Data to use →
------------------------------------------------------------

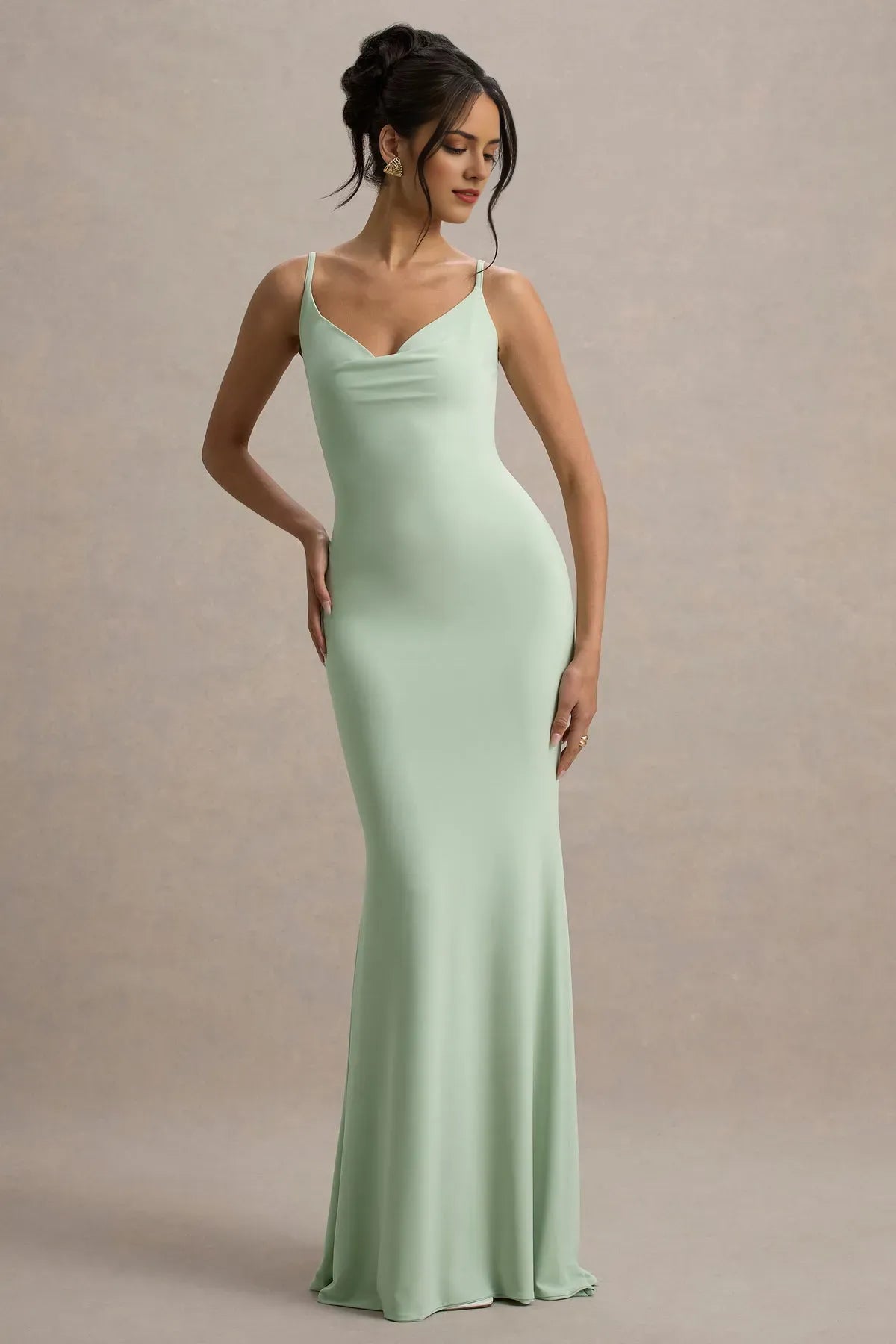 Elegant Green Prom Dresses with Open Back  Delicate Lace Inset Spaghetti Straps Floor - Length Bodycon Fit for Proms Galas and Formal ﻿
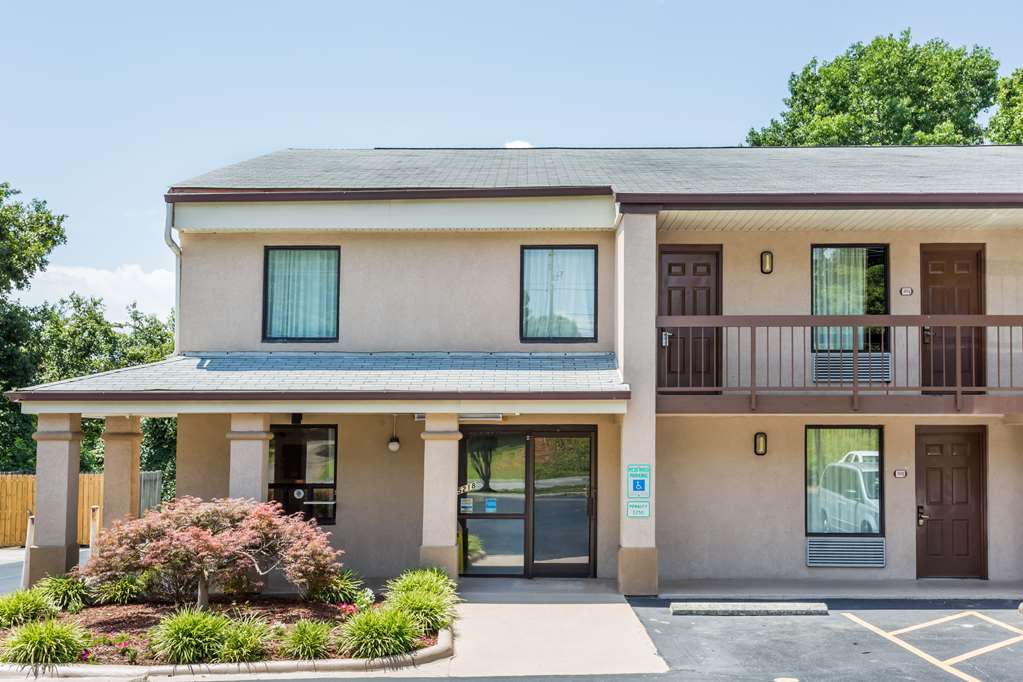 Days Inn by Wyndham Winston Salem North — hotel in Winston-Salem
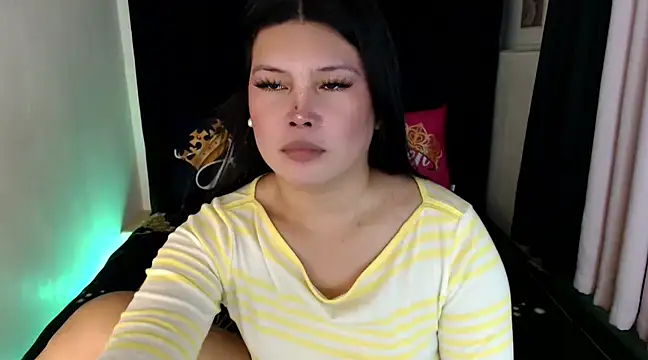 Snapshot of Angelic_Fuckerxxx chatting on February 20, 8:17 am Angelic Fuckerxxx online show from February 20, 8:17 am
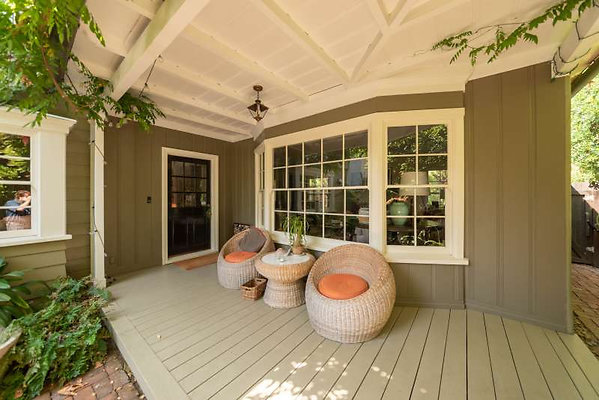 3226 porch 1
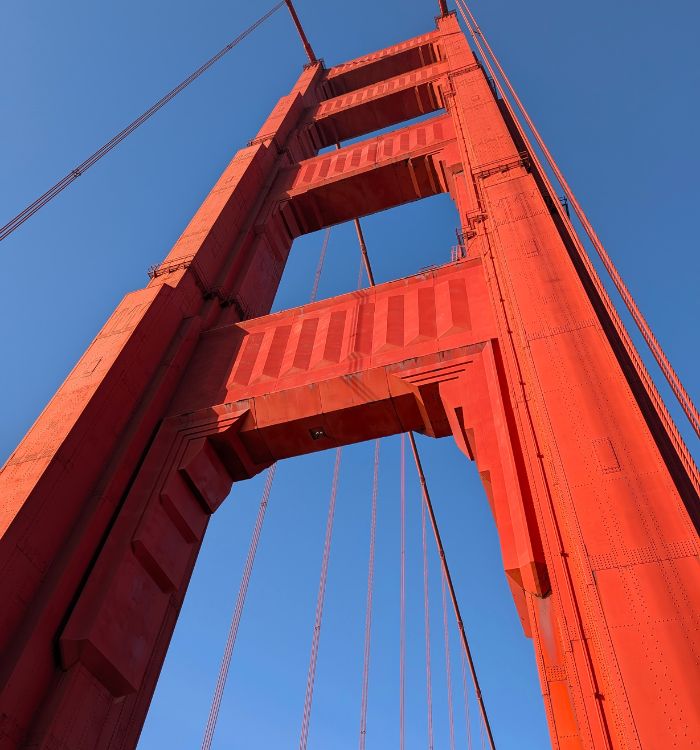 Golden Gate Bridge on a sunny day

------------------------------------------------------------

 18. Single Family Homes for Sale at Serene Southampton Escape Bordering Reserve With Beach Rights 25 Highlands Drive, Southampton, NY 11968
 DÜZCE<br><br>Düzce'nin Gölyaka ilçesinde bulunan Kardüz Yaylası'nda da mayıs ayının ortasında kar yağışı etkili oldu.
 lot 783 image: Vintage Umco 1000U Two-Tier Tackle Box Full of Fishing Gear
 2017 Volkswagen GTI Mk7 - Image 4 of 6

------------------------------------------------------------

Your instructions →
Each line above from the one containing "Elegant Green Prom" through the one containing "Golden Gate Bridge on a sunny day" is to be returned verbatim. Nothing else, and no pictures.

Output of the exercise →
 Elegant Green Prom Dresses with Open Back  Delicate Lace Inset Spaghetti Straps Floor - Length Bodycon Fit for Proms Galas and Formal ﻿
 Days Inn by Wyndham Winston Salem North — hotel in Winston-Salem
 Snapshot of Angelic_Fuckerxxx chatting on February 20, 8:17 am Angelic Fuckerxxx online show from February 20, 8:17 am
 3226 porch 1
 Golden Gate Bridge on a sunny day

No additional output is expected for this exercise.